**Task description**
The task calls for the lines below from the line with "Avec porte en" to the line with "Maison - 90 m² - 6 pièces", both ends included, copied exactly, without any pictures.
***** Record extracts
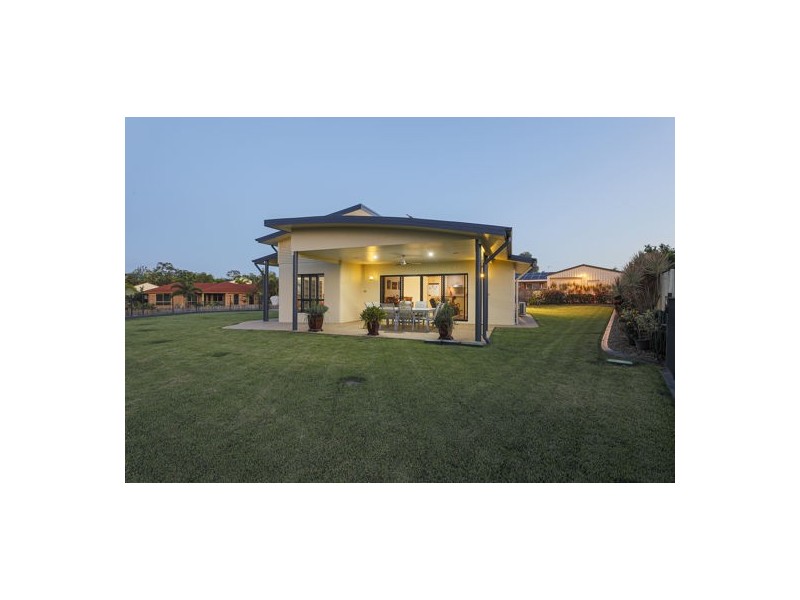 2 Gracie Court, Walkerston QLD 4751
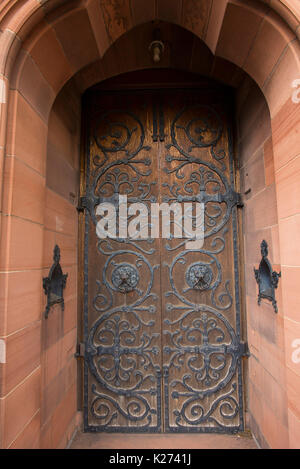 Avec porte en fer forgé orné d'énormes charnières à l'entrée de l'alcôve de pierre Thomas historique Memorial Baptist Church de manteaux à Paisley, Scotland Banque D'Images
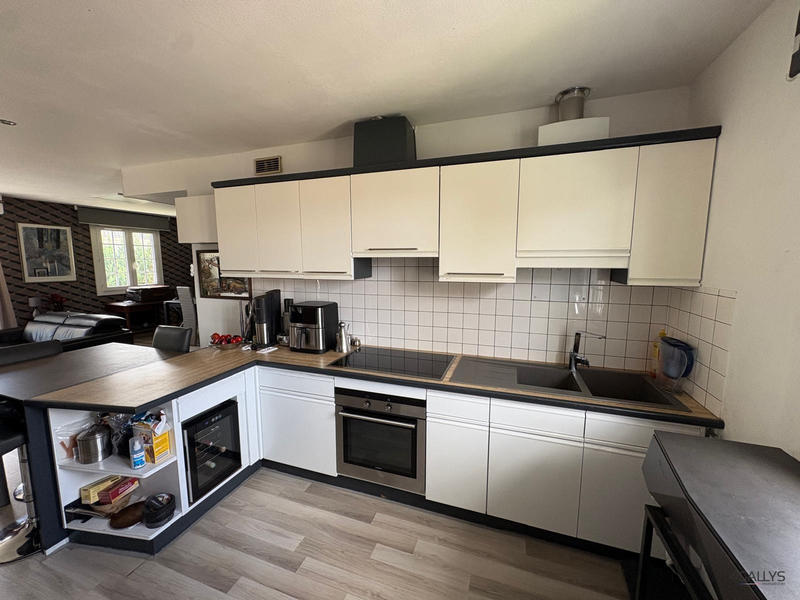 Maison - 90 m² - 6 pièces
**********
***** Record extracts
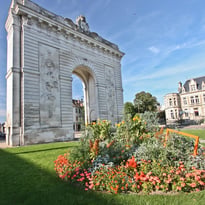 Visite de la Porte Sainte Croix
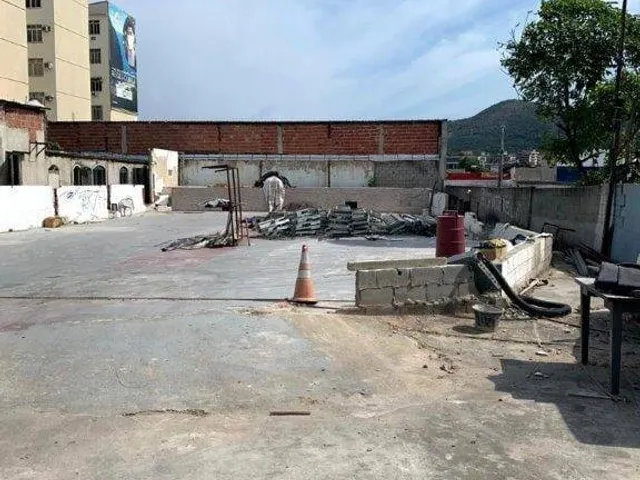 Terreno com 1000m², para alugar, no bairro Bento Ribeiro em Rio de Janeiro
**********
**Task answer**
 Avec porte en fer forgé orné d'énormes charnières à l'entrée de l'alcôve de pierre Thomas historique Memorial Baptist Church de manteaux à Paisley, Scotland Banque D'Images
 Maison - 90 m² - 6 pièces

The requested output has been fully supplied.